-- Exercise requirements --
Beginning at the top of the data below, write out every line exactly until you reach the line with "Туфли новые. Натуральная кожа. Пр-во Россия", and include that line.

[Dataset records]
################

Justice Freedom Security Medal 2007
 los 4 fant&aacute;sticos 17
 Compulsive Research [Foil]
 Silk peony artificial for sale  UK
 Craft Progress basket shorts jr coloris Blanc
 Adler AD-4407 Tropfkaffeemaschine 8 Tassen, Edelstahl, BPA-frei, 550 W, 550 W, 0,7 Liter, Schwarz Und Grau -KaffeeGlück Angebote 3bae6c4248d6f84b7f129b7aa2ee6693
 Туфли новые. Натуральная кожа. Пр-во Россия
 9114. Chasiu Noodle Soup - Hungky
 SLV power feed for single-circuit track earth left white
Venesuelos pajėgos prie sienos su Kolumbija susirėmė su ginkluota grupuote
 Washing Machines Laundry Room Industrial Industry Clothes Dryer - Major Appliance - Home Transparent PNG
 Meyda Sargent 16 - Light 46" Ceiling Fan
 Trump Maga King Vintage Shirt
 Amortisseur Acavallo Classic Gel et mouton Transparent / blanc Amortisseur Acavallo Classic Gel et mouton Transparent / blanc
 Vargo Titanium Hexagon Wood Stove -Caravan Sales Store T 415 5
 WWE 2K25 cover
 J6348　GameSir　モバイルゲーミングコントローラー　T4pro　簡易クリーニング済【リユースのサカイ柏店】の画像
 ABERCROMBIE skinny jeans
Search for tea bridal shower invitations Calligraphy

################

-- Exercise answer --
Justice Freedom Security Medal 2007
 los 4 fant&aacute;sticos 17
 Compulsive Research [Foil]
 Silk peony artificial for sale  UK
 Craft Progress basket shorts jr coloris Blanc
 Adler AD-4407 Tropfkaffeemaschine 8 Tassen, Edelstahl, BPA-frei, 550 W, 550 W, 0,7 Liter, Schwarz Und Grau -KaffeeGlück Angebote 3bae6c4248d6f84b7f129b7aa2ee6693
 Туфли новые. Натуральная кожа. Пр-во Россия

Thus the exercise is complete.